So I’ve been thinking a lot about the word empathy. Activists to kindergarten teachers to Kim Kardashian fans will assert that empathy is a necessity and requirement in caring for someone else and a trait that we should all aspire to, a thread that should be a dissertation:
Well, you might be shocked to know that the word empathy didn’t come into the English lexicon until 1909; translated from the German word “Einfühlung” meaning “feeling in”. Now, by 1909 the transatlantic slave trade and the ensuing global market for Black bodies had technically*
ended in many countries (slavery instituted by white Moors or lighter skinned Arab folks “ended” in Mauritania in 1981, the last country in the world to do so, though it wouldn’t become a crime to own another person until 2007). Similarly in the US, it had lasted for over 300
years and by the 1870s, the US govt instated its second wave of slavery during the Reconstruction period via wage theft/exploitation via sharecropping (look up the Elaine Massacre), then via Jim Crow Laws, then the advent of the prison system in 1891, then came mass
incarceration in the 1980s, then and now—gentrification and redlining, etc (slavery never ended in the US). But it was centuries earlier during the enlightenment period (lowercase on purpose) (1715-1789) when philosophers like Descartes proclaimed “I think therefore I am” that
would set the stage for feelings like love being used to further subjugate Black people. For example, if an enslaved person’s slave owner claimed that they loved them, laws in places like Peru were organized to make it impossible for that enslaved person to be kept in captivity
(Premo, pg 74). In 2017, there was a NPR poll that asked white people if they feel discriminated against and an overwhelming majority (55%) said “yes” and that “discrimination against white people exists in the US today” especially in regard to (wait for it) jobs and education.

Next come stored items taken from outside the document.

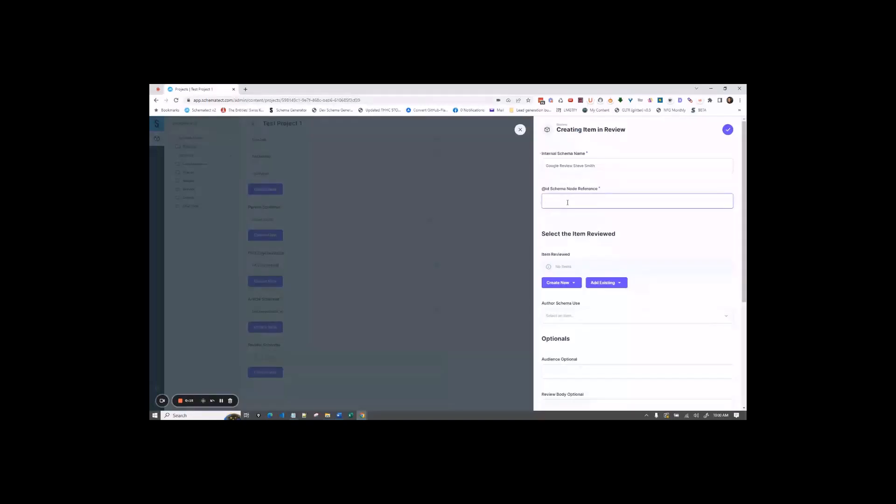So we'll use google.com backslash stevesmithreview. This would be the URL where the review you're doing is located.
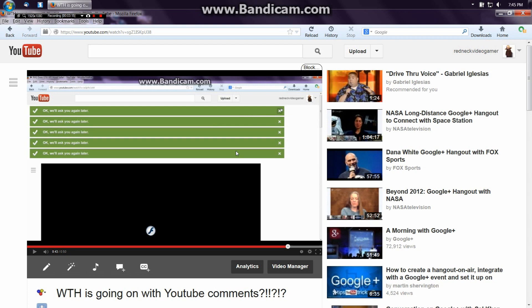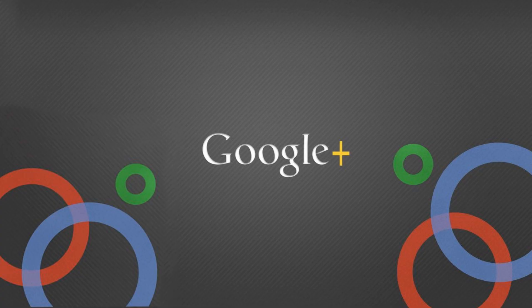But you know what it means? It means I'm gonna have to drop trow, bend over, and take it up the ass from Google Plus. That's the only kind of conclusion I can come to right now.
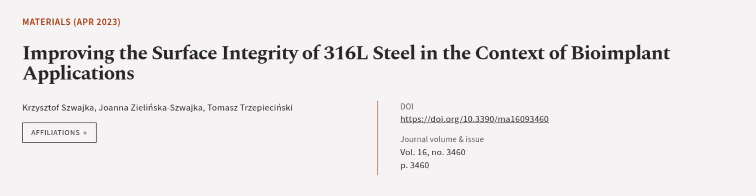This article was authored by Krzysztof Swojka, Joanna Zielinski Swojka, and Tomasz Trzebyszynski. We are article.tv, links in the description below.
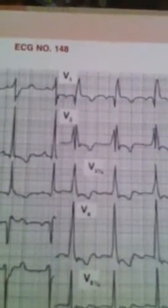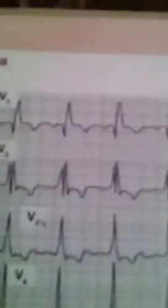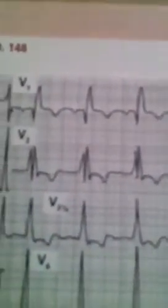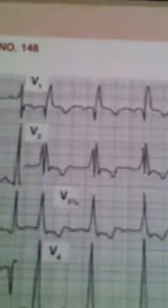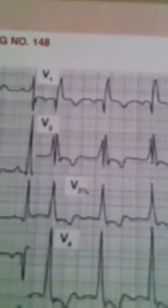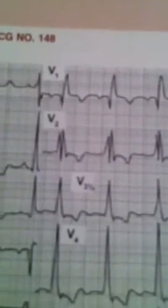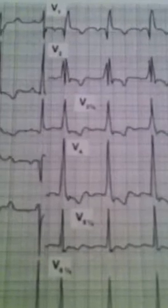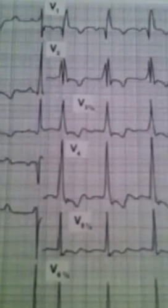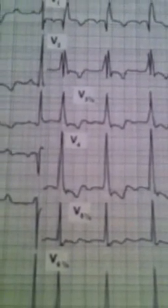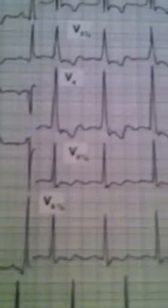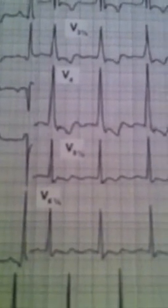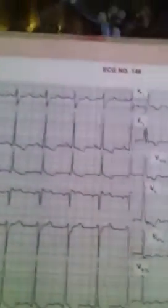However, the presence of an initial Q in V1 instead of an RS pattern may denote the presence of a big anterior or anteroseptal infarction. Looking at the tall R waves in V4, V5, and V6 — noting this is half voltage in V6 — there is also left ventricular hypertrophy.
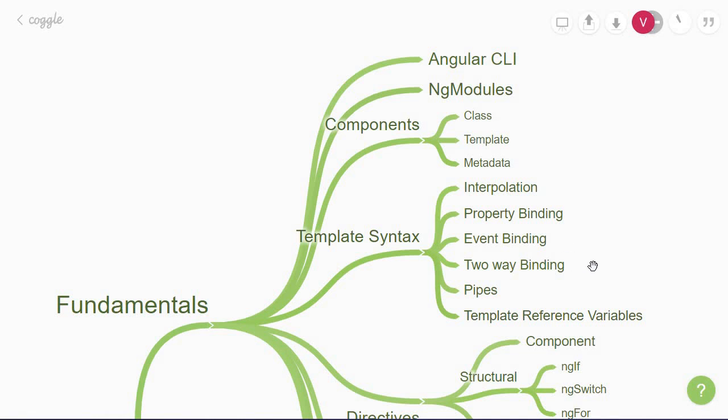Next is the concept of two-way binding which gives your application a way to share data between a component class and its template. This is the banana in a box syntax which is widely used in writing forms in Angular.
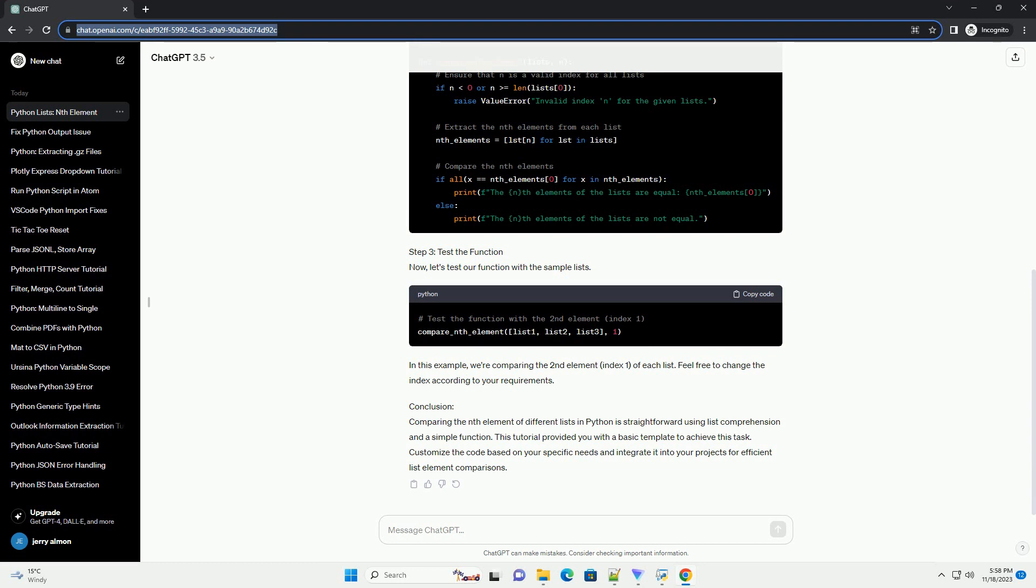Step 3: Test the Function. Now, let's test our function with the sample lists.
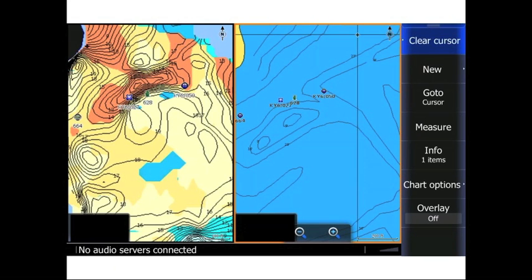To the right is a typical Lowrance map and the one to the left is one I recorded — it shows contour lines and bottom hardness. Just confirming with John that everything is coming through okay.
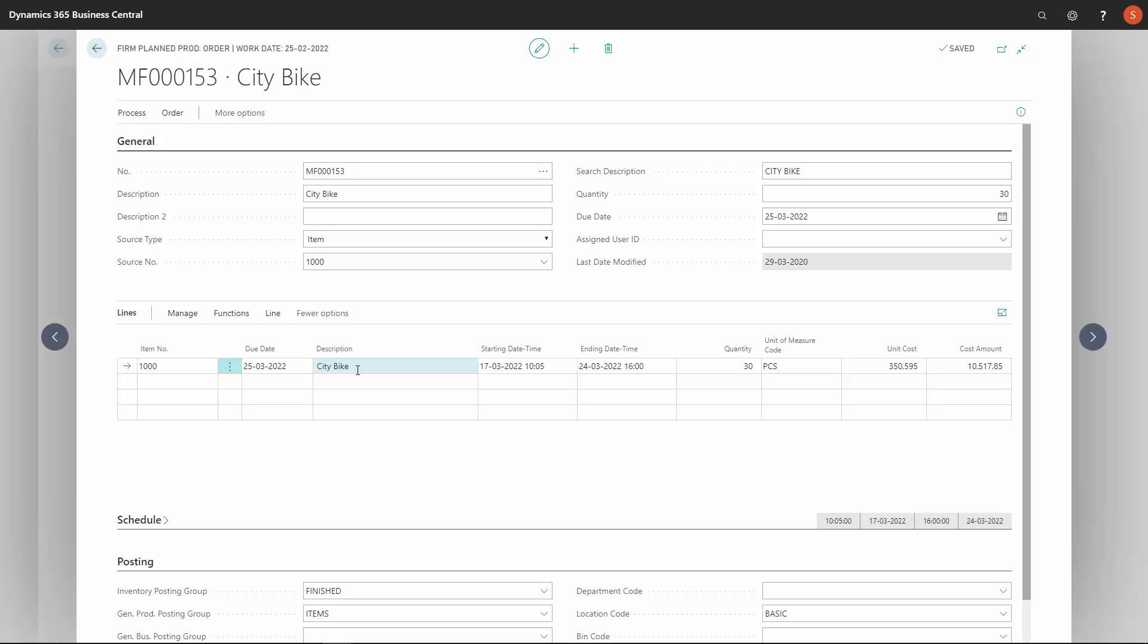Once I'm done planning in the reverse planning and it suggests to move or reschedule the order, I can just carry out actions to reschedule.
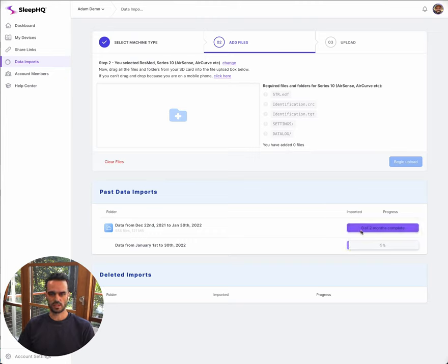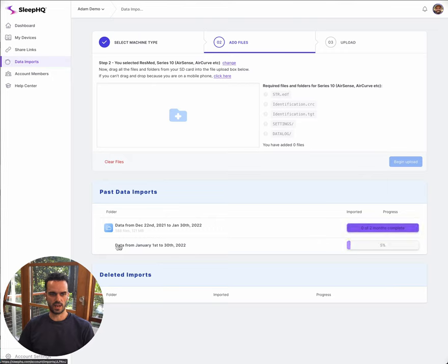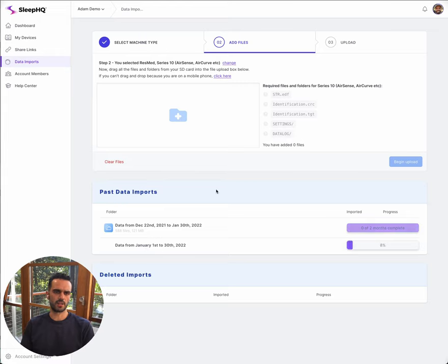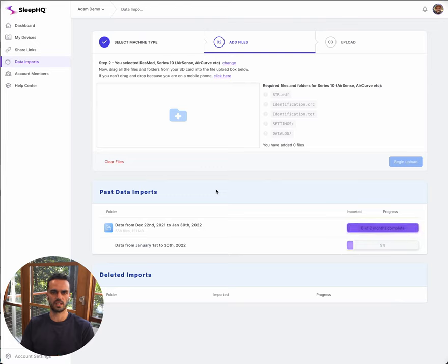You can see the progress of it down here. What it will do is break your data up into chunks. Right now my data is being processed from January 1st. It does it in about one month chunks, just depending on the machine you've got and how much data you're adding. So that's going to process in the background for me.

The other day a white person told me that they cannot be anti Black because they are an “empath” (this really happened).

When a white cis man created the word empathy, he did not have Black people in mind at all. It was originally intended for white people to “feel in” art,
as in here’s a picture of a lake and some trees I want to imagine myself in that artwork. Yes language shifts over time but I’m wondering if the shift is just another way for white folks to manipulate language to be seen as good. Perhaps we are missing the mark assuming empathy
is the answer considering white people have been abusing feelings for their own benefit for centuries, empathy does not guarantee or assure that someone is going to care enough to do something especially if they need a framework or a word to do it.
Weird or ironic when the comments prove your point?